Segment Start: DATA UNDER STUDY

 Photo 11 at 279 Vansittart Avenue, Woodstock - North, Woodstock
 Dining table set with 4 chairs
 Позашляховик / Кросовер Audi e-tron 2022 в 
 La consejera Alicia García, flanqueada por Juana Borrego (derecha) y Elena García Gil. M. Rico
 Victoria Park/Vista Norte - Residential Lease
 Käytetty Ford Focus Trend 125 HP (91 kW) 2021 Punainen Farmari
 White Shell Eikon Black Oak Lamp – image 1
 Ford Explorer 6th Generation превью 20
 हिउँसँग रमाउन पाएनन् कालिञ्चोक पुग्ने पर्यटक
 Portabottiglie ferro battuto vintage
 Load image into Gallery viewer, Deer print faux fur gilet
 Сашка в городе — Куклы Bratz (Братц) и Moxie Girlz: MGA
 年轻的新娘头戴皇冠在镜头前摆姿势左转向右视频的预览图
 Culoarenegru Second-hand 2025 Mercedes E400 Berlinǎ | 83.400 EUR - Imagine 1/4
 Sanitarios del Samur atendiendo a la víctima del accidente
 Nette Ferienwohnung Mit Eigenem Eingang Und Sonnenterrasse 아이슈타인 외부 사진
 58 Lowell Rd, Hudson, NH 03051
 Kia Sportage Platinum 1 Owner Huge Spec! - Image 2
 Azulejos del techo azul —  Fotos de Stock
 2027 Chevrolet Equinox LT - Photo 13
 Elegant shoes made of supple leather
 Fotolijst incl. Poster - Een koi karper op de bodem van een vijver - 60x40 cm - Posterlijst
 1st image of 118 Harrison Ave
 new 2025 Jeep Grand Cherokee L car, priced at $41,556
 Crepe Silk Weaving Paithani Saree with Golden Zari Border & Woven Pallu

Segment End: DATA UNDER STUDY

◆ TASK ITEM: The entries above are to be copied word for word.

◆ OUTPUT OF THE TASK:
 Photo 11 at 279 Vansittart Avenue, Woodstock - North, Woodstock
 Dining table set with 4 chairs
 Позашляховик / Кросовер Audi e-tron 2022 в 
 La consejera Alicia García, flanqueada por Juana Borrego (derecha) y Elena García Gil. M. Rico
 Victoria Park/Vista Norte - Residential Lease
 Käytetty Ford Focus Trend 125 HP (91 kW) 2021 Punainen Farmari
 White Shell Eikon Black Oak Lamp – image 1
 Ford Explorer 6th Generation превью 20
 हिउँसँग रमाउन पाएनन् कालिञ्चोक पुग्ने पर्यटक
 Portabottiglie ferro battuto vintage
 Load image into Gallery viewer, Deer print faux fur gilet
 Сашка в городе — Куклы Bratz (Братц) и Moxie Girlz: MGA
 年轻的新娘头戴皇冠在镜头前摆姿势左转向右视频的预览图
 Culoarenegru Second-hand 2025 Mercedes E400 Berlinǎ | 83.400 EUR - Imagine 1/4
 Sanitarios del Samur atendiendo a la víctima del accidente
 Nette Ferienwohnung Mit Eigenem Eingang Und Sonnenterrasse 아이슈타인 외부 사진
 58 Lowell Rd, Hudson, NH 03051
 Kia Sportage Platinum 1 Owner Huge Spec! - Image 2
 Azulejos del techo azul —  Fotos de Stock
 2027 Chevrolet Equinox LT - Photo 13
 Elegant shoes made of supple leather
 Fotolijst incl. Poster - Een koi karper op de bodem van een vijver - 60x40 cm - Posterlijst
 1st image of 118 Harrison Ave
 new 2025 Jeep Grand Cherokee L car, priced at $41,556
 Crepe Silk Weaving Paithani Saree with Golden Zari Border & Woven Pallu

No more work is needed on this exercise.